NVIDIA is one of the world’s most valuable companies. Which products and services are part of your portfolio?
NVIDIA’s core competence lies in accelerated computing. We develop specialized computing platforms to drastically accelerate computationally intensive tasks and make them more efficient. Data centers around the world are switching to accelerated computing, as most modern applications are created in this environment. We are at the beginning of an IT revolution, the likes of which we have not seen in the last 60 years: the transition from instruction-based to intention-based computing.
To drive this transformation, we have spent the last 25 years developing our own computing platform with graphics processing units (GPUs), an ARM-based central processing unit (CPU) and a data processing unit (DPU/network accelerator). We have developed our DGX systems and DGX SuperPOD clusters – supercomputers for high-performance computing and artificial intelligence – on this technological basis. Together with device manufacturers and hyperscalers, we offer vendor-specific solutions to ensure maximum flexibility for our customers.
But hardware alone is not enough. In order to operate artificial intelligence efficiently and cost-effectively, a comprehensive software solution is required. That is why we have developed the NVIDIA AI enterprise software stack, which includes everything required for the development and high-performance operation of AI. The stack is independent of the deployment – so it doesn’t matter whether the solution is operated on-prem, in the cloud or in a hybrid infrastructure – and supports all the relevant major open-source language models, for which we also offer licensing support. Today, NVIDIA technology is integrated into almost every application that uses artificial intelligence.
“NVIDIA technology is integrated into almost every application that uses artificial intelligence.”– Marc Stampfli
You have benefited enormously from the development of artificial intelligence in recent months. What was this phase like for you?
The rapid development of AI in recent months came as no surprise to us – but rather, to our customers. Years ago, we were already talking about generative AI and language models as the next big topic, although many companies did not yet have it on their radar. This was because we had already been supporting the development of generative AI in research for several years. With more than 25 years of experience in accelerated computing, during this time we developed the concept of an “AI factory”. The efficient operation of AI requires not just a single chip, but a holistic full-stack approach. This includes GPUs, CPUs, network processors and the corresponding software. All these components must be integrated into a server that is optimized for AI. This also includes industry-specific software – for example, for the pharmaceutical or financial industry – which facilitates the development of end applications.
In 2016, we sold our first AI supercomputer, the DGX-1, to a then still unknown start-up and supported it in using large language models. It took another six years before OpenAI went public with ChatGPT and this technology could suddenly be used worldwide. That was AI’s “iPhone moment.”
However, we are currently observing a clear trend towards open-source and community models. Our customers have realized that they can operate large language models easily and efficiently in a controlled manner in their private cloud or their own data center and are not solely dependent on external services. This enables them to integrate confidential data into language models, improve models, use different models and provide access to company-internal or even confidential information.
What strategic topics and projects are you currently focusing on?
Our current strategic focus is on democratizing artificial intelligence and making it accessible to everyone. Until now, open-source models for generative AI required an in-depth understanding of the models and the software stack, which represented a significant hurdle for many companies. To meet these challenges, we have developed our NVIDIA Inferencing Microservices (NIM). These are AI models that are provided in containers, optimized for the hardware platform used, and equipped with all the necessary software to operate the model efficiently.
These microservices are accessed via an API, which makes it possible to develop applications independently of the underlying language model. In addition, language models can be easily updated as soon as new and improved versions are available. If we consider 2022 to be the “iPhone moment” of AI, then NIM represents the “iPhone app” in this context, so to speak.

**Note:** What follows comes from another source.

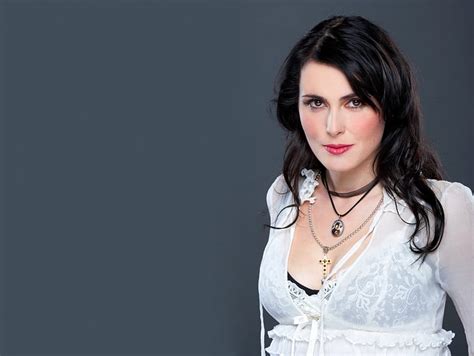 Sharon Den Adel Sharon Within Temptation Composer Lead Vocalist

However, our development work goes even further. We are already working on AI agents and blueprints that essentially combine workflows with various AI models and queries to internal systems. In principle, we are creating a digital employee for simple applications that automates processes and increases efficiency.
“Our focus is on the democratization of AI: with our NVIDIA Inferencing Microservices (NIM), we provide AI models in containers that are optimized for the hardware platform used, and equipped with all the necessary software. This reduces complexity and makes AI accessible to everyone.”– Marc Stampfli
Finally, a quick word about us: ti&m is celebrating its 20th anniversary this year ...
First of all, I would like to congratulate ti&m on its impressive success over the past 20 years. It is remarkable how much the company has grown. I wish you continued success in the future. I look forward to supporting you in your transformation into the age of artificial intelligence and continuing our successful collaboration.